Steve Swayne, Whirlpool’s regional technology leader for North America, points out that actual commercial models, with their high-output burners, are designed for a different style of cooking.
“Restaurant ranges are meant for attended cooking,” he says. “The sous chef sits there, where his whole purpose is to watch after the four saute pans he has going.
“The home cook has something in the oven, the phone may be ringing, and there may be children running around. … The home enthusiast relies more on, ‘Hey, there’s a really low setting and I can leave it alone for a while.’ ”
Michael Robinson, director of communication at Kansas City’s Factory Direct Appliance, says his company is selling more ranges that fit the standard 30-inch hole that has dominated the market for decades.
“The huge stainless range was definitely a big trend,” says Robinson, but “now it’s about dollar value, and money just isn’t there the way it was before the recession.”
He says stainless still is the most popular color, noting that new products such as the GE Cafe line are copying the professional look on a smaller scale.
Some kitchen-design professionals think stainless appliances are already looking a bit passe.
“You want to avoid things that will be dated in your remodeling, so you don’t want a range that screams ‘recession casualty,’ ” says Consumer Reports’ Kuperszmid Lehrman. “Those pro-style ranges can be the Hummers of the kitchen.”

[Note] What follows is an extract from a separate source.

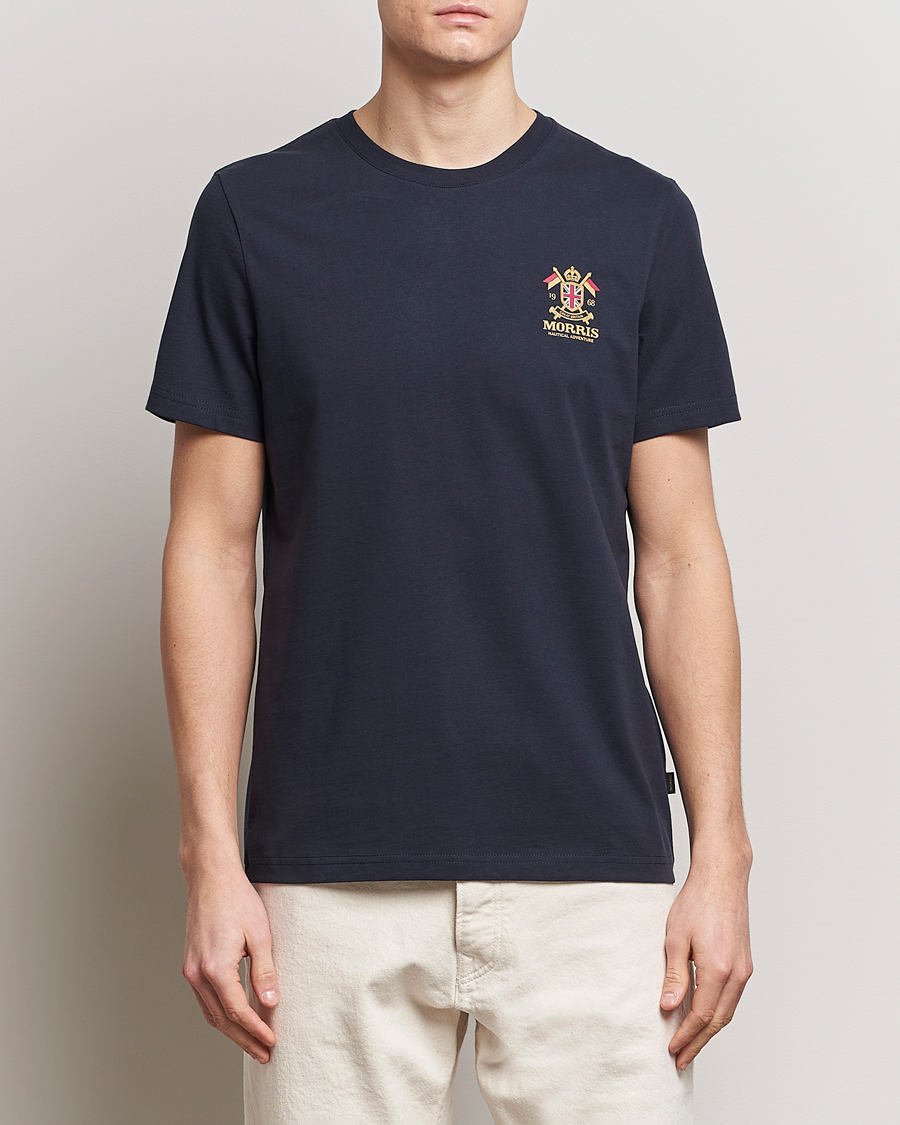 Herren | Kleidung | Morris | Crew Neck Cotton T-Shirt Old Blue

Adds Geri Higgins, president of Portfolio Kitchen & Home in Kansas City: “If you’re talking progressive design, the all-stainless look is already gone.”
Higgins says her company tries to assess a client’s needs instead of copying a look directly from a movie or magazine.
“We have many clients from all different perspectives and price points who would like the ambience of working on a professional range,” she says.
There are many ways to cater to home cooks’ needs, Higgins says. To save money, for example, there are professional cooktops without the ovens underneath.
“There is a product from Italy called Bertazzoni that functions fabulously, and the price point is in the $2,000 range,” she says. “It’s important to do your homework and see the range of products out there to get the most bang for the buck.”
Chefs who spend their days in front of 30,000-Btu burners and commercial ventilation systems often approach home cooking entirely differently from their work.
Michael Foust, executive chef and owner of the Farmhouse in the River Market in Kansas City, cooks on a restaurant range in his home. The 20-year-old model from a used restaurant supply company “doesn’t have any gadgets or gizmos,” he says.
His parents sometimes cook on his range, but they can’t always get the desired results from its heavy firepower.
“I like such high heats, and I use thicker pans, but that equipment isn’t really out there for the home cook, so you wouldn’t really need something like that,” Higgins says.
High-output burners demand much more powerful exhaust hoods than what is found in conventional residential construction. Some of the stronger models can even pose a ventilation hazard, possibly causing dangerous backflow from your furnace or fireplace in tightly sealed homes.
Experts recommend consulting a qualified heating, ventilating and air-conditioning professional before installing a high-powered range hood.
Foust thinks homeowners should see their appliances as tools to be used, not the visual centerpiece of the kitchen.
“If you’re pulling apart 800 parts to clean afterward, you aren’t having fun cooking,” he says, adding: “Stay away from stainless; stay away from white. Go with darker colors that don’t show the wear and tear.”